:: PROVIDED RECORDS ::
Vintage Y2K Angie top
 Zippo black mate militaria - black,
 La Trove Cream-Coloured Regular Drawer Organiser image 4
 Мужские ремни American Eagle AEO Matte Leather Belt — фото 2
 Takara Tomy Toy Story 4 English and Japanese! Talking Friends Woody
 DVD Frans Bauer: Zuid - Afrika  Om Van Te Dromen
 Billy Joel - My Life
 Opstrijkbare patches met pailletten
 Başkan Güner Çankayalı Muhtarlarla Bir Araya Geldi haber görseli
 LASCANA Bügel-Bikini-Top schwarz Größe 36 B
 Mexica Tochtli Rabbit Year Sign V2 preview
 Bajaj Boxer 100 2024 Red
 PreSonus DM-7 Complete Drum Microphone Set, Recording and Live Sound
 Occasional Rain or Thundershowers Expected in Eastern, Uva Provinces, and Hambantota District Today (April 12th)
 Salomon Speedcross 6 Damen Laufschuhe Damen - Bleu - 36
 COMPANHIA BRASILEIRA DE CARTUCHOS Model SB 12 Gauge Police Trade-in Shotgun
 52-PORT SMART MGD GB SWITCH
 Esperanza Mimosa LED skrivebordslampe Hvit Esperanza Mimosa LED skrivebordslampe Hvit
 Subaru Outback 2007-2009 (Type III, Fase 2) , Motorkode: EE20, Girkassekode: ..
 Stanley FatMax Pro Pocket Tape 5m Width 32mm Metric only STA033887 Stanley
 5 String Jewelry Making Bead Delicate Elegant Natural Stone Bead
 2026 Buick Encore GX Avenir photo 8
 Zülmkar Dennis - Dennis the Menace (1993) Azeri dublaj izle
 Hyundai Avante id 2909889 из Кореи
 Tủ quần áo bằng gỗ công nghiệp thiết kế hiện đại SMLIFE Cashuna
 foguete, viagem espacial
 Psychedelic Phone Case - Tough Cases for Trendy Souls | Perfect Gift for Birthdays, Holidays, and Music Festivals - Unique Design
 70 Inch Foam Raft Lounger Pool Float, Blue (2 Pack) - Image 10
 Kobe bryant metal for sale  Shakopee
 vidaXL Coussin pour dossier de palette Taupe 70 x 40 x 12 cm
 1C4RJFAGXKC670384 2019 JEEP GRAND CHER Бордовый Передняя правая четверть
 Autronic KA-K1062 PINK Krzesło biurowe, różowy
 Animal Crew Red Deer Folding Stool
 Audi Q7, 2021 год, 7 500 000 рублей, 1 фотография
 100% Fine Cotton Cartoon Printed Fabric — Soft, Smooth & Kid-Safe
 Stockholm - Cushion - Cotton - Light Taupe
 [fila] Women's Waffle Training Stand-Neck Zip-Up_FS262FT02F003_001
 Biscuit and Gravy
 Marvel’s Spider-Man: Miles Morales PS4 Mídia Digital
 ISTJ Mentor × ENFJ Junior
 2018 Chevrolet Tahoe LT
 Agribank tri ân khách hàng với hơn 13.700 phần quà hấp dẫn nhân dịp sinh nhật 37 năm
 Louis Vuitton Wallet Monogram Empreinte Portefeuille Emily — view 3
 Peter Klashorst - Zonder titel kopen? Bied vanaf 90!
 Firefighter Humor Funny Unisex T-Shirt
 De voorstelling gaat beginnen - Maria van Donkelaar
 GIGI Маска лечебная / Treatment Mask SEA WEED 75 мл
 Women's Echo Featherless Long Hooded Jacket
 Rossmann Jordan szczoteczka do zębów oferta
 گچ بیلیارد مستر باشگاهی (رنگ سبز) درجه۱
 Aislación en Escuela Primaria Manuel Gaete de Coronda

:: PROBLEM ::
The lines above, from the first through the one containing "PreSonus DM-7 Complete", must be restated word for word, with nothing added.

:: ANSWER SPACE ::
Vintage Y2K Angie top
 Zippo black mate militaria - black,
 La Trove Cream-Coloured Regular Drawer Organiser image 4
 Мужские ремни American Eagle AEO Matte Leather Belt — фото 2
 Takara Tomy Toy Story 4 English and Japanese! Talking Friends Woody
 DVD Frans Bauer: Zuid - Afrika  Om Van Te Dromen
 Billy Joel - My Life
 Opstrijkbare patches met pailletten
 Başkan Güner Çankayalı Muhtarlarla Bir Araya Geldi haber görseli
 LASCANA Bügel-Bikini-Top schwarz Größe 36 B
 Mexica Tochtli Rabbit Year Sign V2 preview
 Bajaj Boxer 100 2024 Red
 PreSonus DM-7 Complete Drum Microphone Set, Recording and Live Sound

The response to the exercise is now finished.